Sunday, May 15, 2022

Mexico’s Not-So-Friendly Skies: A close call between two Airbus A-320s is only the latest near miss for air travelers

Employees work at the new Felipe Angeles International Airport near Mexico City, January 31.


The Wall Street Journal 
By Mary Anastasia O’Grady
May 15, 2022 3:57 pm ET


A near-collision of two jets in Mexico City was captured on video May 7, stunning the nation. One plane was about to land, the other cleared for takeoff on the same runway at Benito Juárez International Airport; both flights were operated by the discount airline Volaris. Within two days, Víctor Manuel Hernández Sandoval, director of navigation services for Mexican Air Space—the country’s air-traffic control authority—had resigned.

Confidence in Mexican air safety remains shaken, because the circumstances that led to the close call run deeper than the competency of one man. The near-disaster has reignited a public debate about whether changes to the funding and infrastructure of Mexico’s air-transportation network, executed under President Andrés Manuel López Obrador, have made Mexico’s airspace dangerous.

Mr. López Obrador calls charges that he has increased air-travel risks a conspiracy by his political opponents. If that’s true, the U.S. Federal Aviation Administration and the United Nations are in on it. A year ago the FAA downgraded Mexico’s aviation safety rating to Category 2, which according to the administration “means that the country’s laws or regulations lack the necessary requirements to oversee the country’s air carriers in accordance with minimum international safety standards, or the civil aviation authority is lacking in one or more areas,” like technical expertise, training, data collection, inspections and safety concerns. The U.N.’s International Civil Aviation Organization sets those standards.

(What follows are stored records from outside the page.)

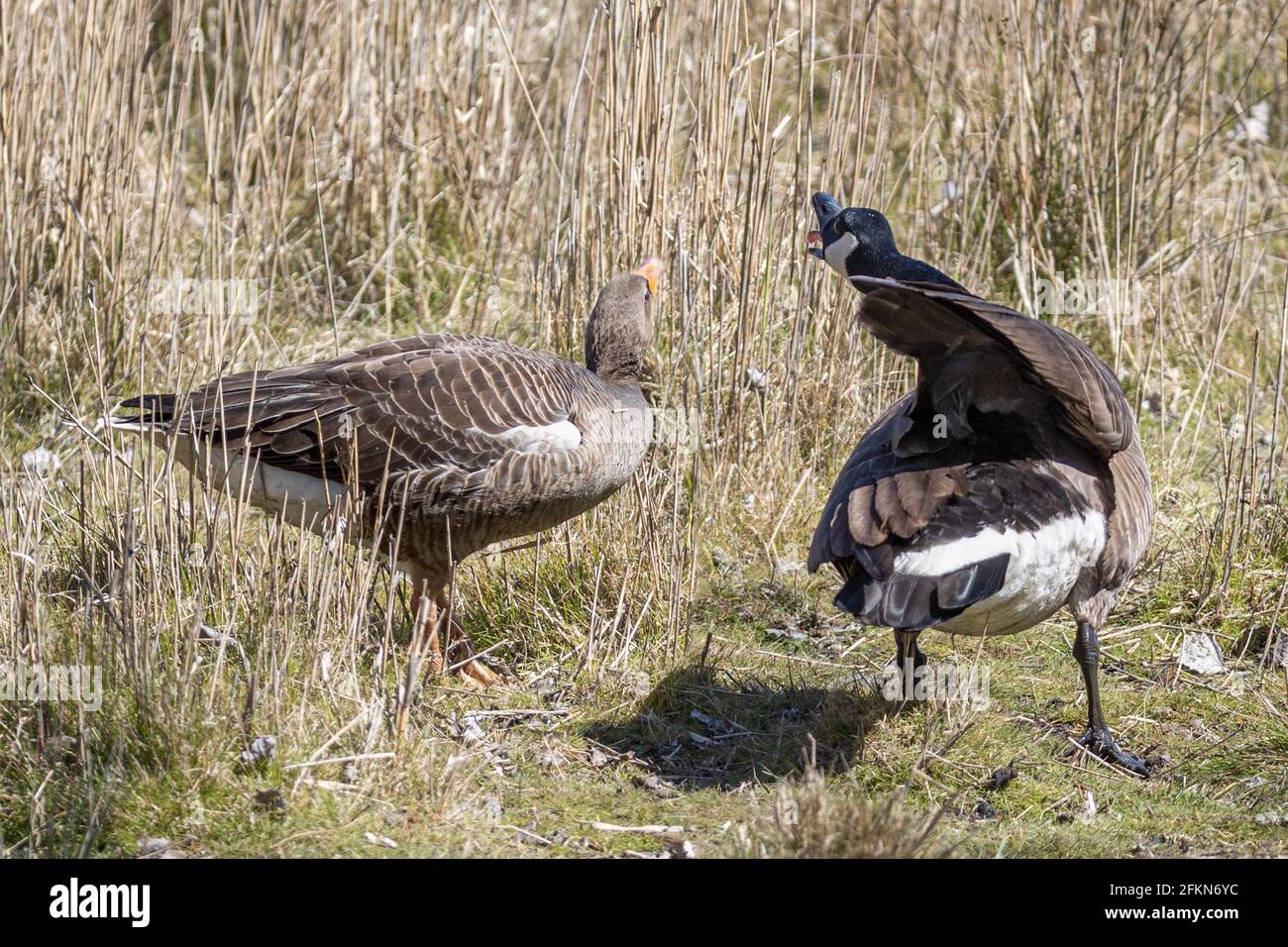 Graugans oder Graugans, Anser anser, mit Gänsen und aggressiver Kanadagans, Branta canadensis, National Trust, Brownsea Island, Dorset, VEREINIGTES KÖNIGREICH Stockfoto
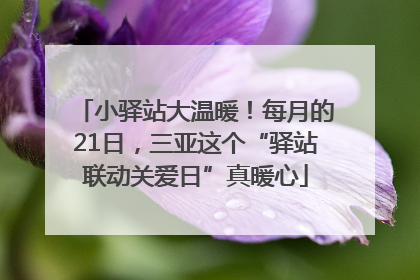 小驿站大温暖！每月的21日，三亚这个“驿站联动关爱日”真暖心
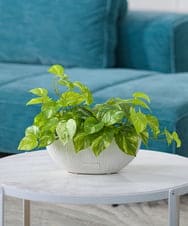 TTTTA05120 EMILIO ROBBA(エミリオ ロバ) ポトスL その他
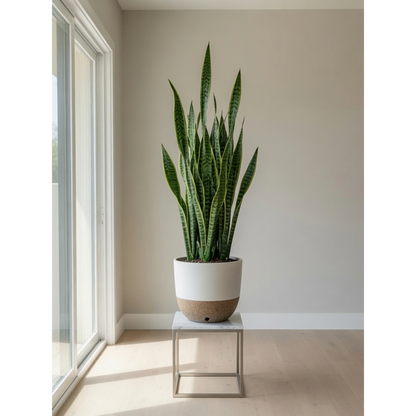 Green Snake Plant Large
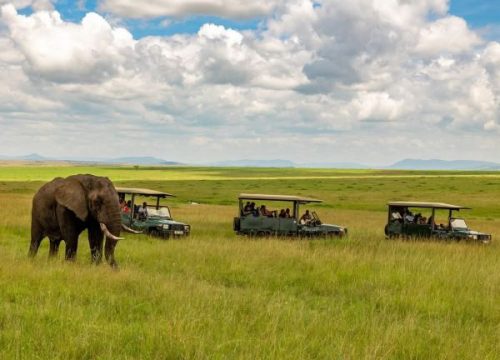 The Role of Local Guides in an Authentic African Safari in Kenya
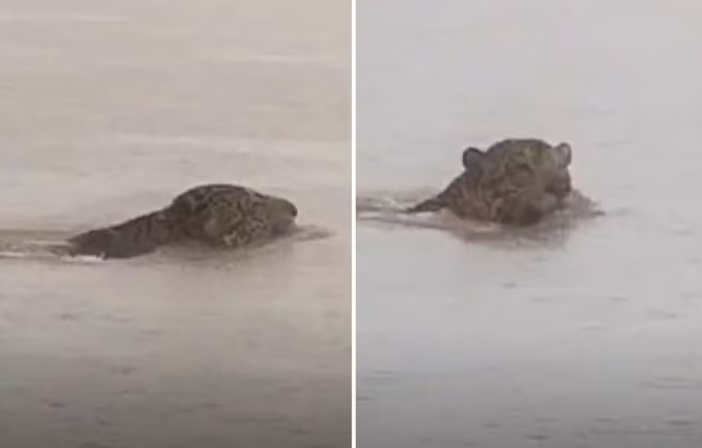 Onça-pintada é flagrada atravessando o Rio Araguaia em Aruanã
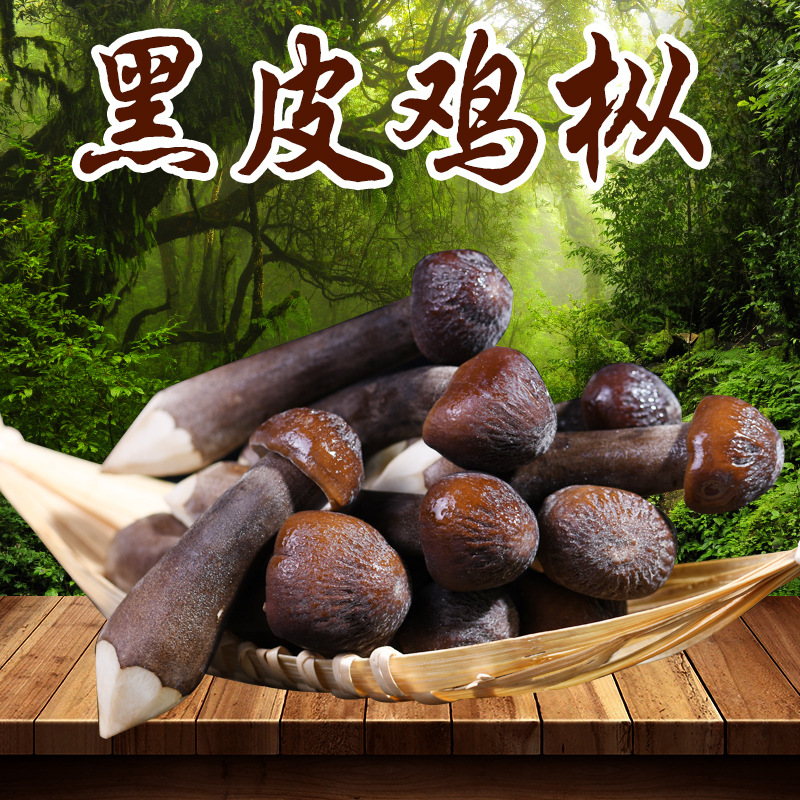 云南特产黑皮鸡枞 鸡枞产地直发量大从优爽口食用鸡枞菌-阿里巴巴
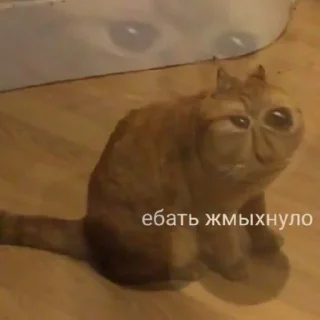 🤪 emoji Опять на работу Telegram sticker 3 of 77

This happened before, in 2010, but Mexico recovered the higher rating in about four months. In July 2021 the government said that restoring its Category 1 rating was a priority. But on May 7, nearly a year after the 2021 downgrade, a fatal collision involving two Airbus A320s was averted only because a skillful pilot pulled up in time to avoid slamming into the other plane. The aviation community is warning that Mexican airspace is an accident waiting to happen.

Last week the head of Mexico’s air-traffic controllers union, José Alfredo Covarrubias, blasted the government for failing to provide funding for properly functioning equipment and for a deficit of 300 controllers, which, he said, leaves those on the frontlines overworked. This problem isn’t unique to Mexico City, he said, but includes tourist destinations around the country. According to a report in the newspaper El Universal, which interviewed Mr. Covarrubias, the union says there have been 30 serious air incidents nationwide since December. It blames this heightened vulnerability on “the redesign of the airspace and current working conditions,” El Universal wrote.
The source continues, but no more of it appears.